Overall treatment costs for patients with IBD are 3-fold higher than for similar patients without IBD [Citation4]. Although healthcare utilization varies significantly across the globe owing to differences in sociodemographic characteristics and availability of healthcare facilities, studies have demonstrated that the overall treatment costs for IBD are 2–4 times higher in the US as compared with other Western countries [Citation5,Citation6]. The healthcare costs due to ED visits for IBD have also tripled in the US in <10 years ($194,773,824 in 2006 to 598,961,532 USD in 2014) [Citation7,Citation8].

Studies have shown a linear increase in ED visits for patients with IBD, however; the proportion of subsequent hospitalization in patients with IBD has decreased overtime [Citation2,Citation3]. This phenomenon has been driven by accessing alternative outpatient pathways, such as observation care and expedited clinic follow up for patients presenting to the ED with non-specific symptoms [Citation9,Citation10]. Abdominal pain (AP) is an early manifestation of inflammation and 50–70% patients with IBD experience AP during initial onset of an IBD flare [Citation11]. Non-specific AP has also been ranked as the second most common reason for ED visits among all adults in the US and the most common reason for ED visits among patients with IBD [Citation3,Citation11].

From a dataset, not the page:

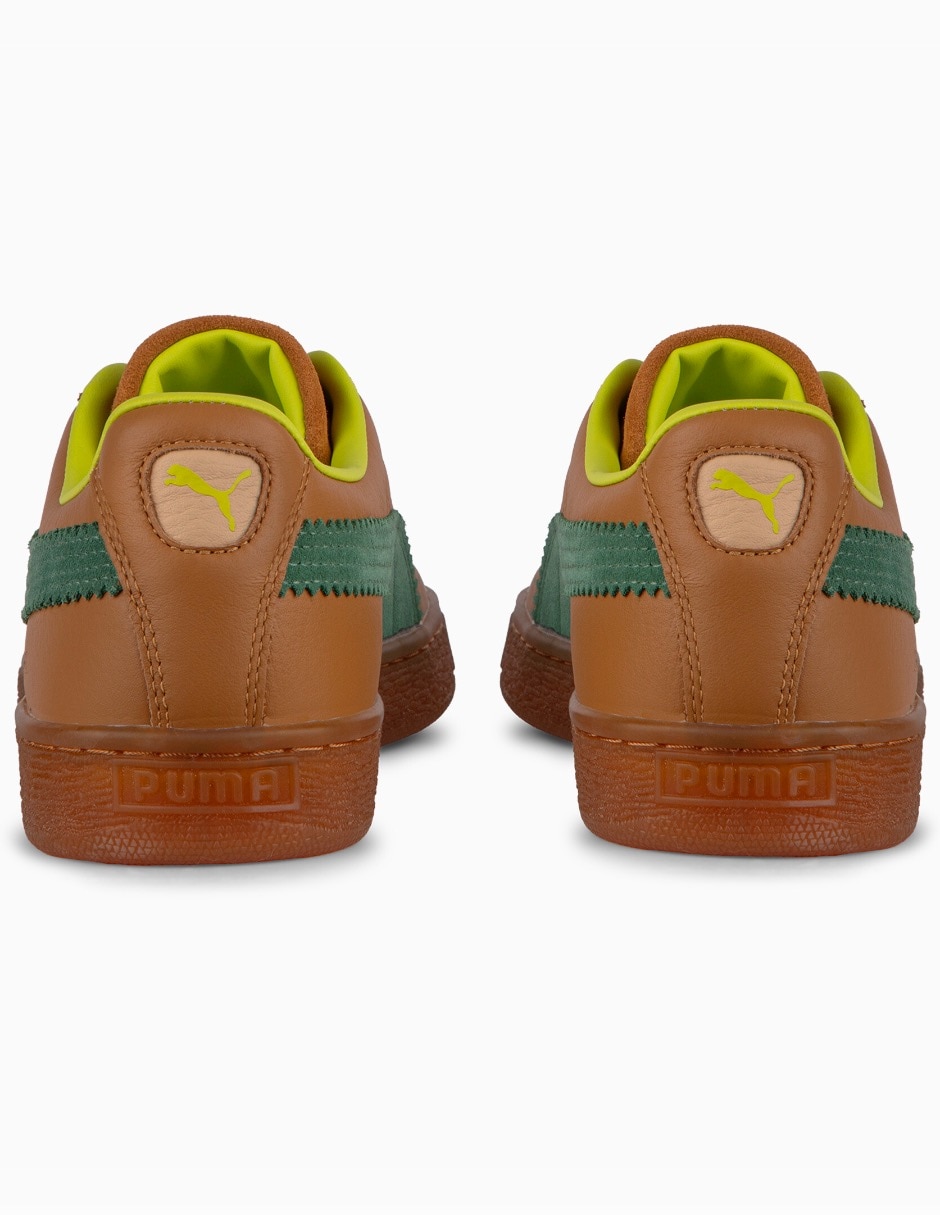 Tenis suede tamarindo para hombre 2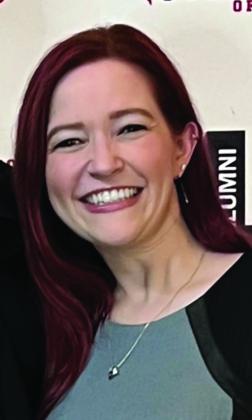 Raffle Co-Chair Emily Patrizi Bracken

Lack of standardized treatment algorithms for IBD contributes to varied decision-making for the treatment of patients with IBD presenting to the ED with AP. Approximately 40% of patients with IBD are hospitalized and most physicians believe that IBD-related hospitalizations occur due to ineffective disease management in the outpatient setting [Citation12,Citation13]. Optimizing treatment practices requires an understanding of the overall ED and hospitalization utilization pattern in patients with IBD.

Data illustrating national trends in the US population for ED visits and subsequent inpatient admissions among patients with IBD and especially in patients with IBD-related AP are scarce. The objective of the current study was to investigate trends in ED visits and subsequent inpatient admissions for patients with IBD and IBD-related AP. The study further evaluated ED encounters by patient characteristics and examined hospital-level variation in inpatient admission rates from the ED.

Methods

Data source

We obtained data from the Nationwide Emergency Department Sample (NEDS), the largest all-payer ED database in the US. NEDS is a Health Insurance Portability and Accountability Act compliant, statistically certified database sponsored by the Healthcare Cost and Utilization Project of the Agency for Healthcare Research and Quality (http://www.hcup-us.ahrq.gov/). NEDS comprises >30 million ED visits of patients from >900 hospitals representing roughly 20% of hospital-based ED data across the US. The database contains information regarding geographical region of ED visit, hospital and patient characteristics, and the nature of visits. It also contains the ED charge information for 87% of ED visits, regardless of the payer. NEDS promotes comparative studies of healthcare services, healthcare policy, and research across various areas including the use of and charges for ED services, medical treatment effectiveness, quality of ED care, impact of health policy changes, access to care, and utilization of health services by special populations.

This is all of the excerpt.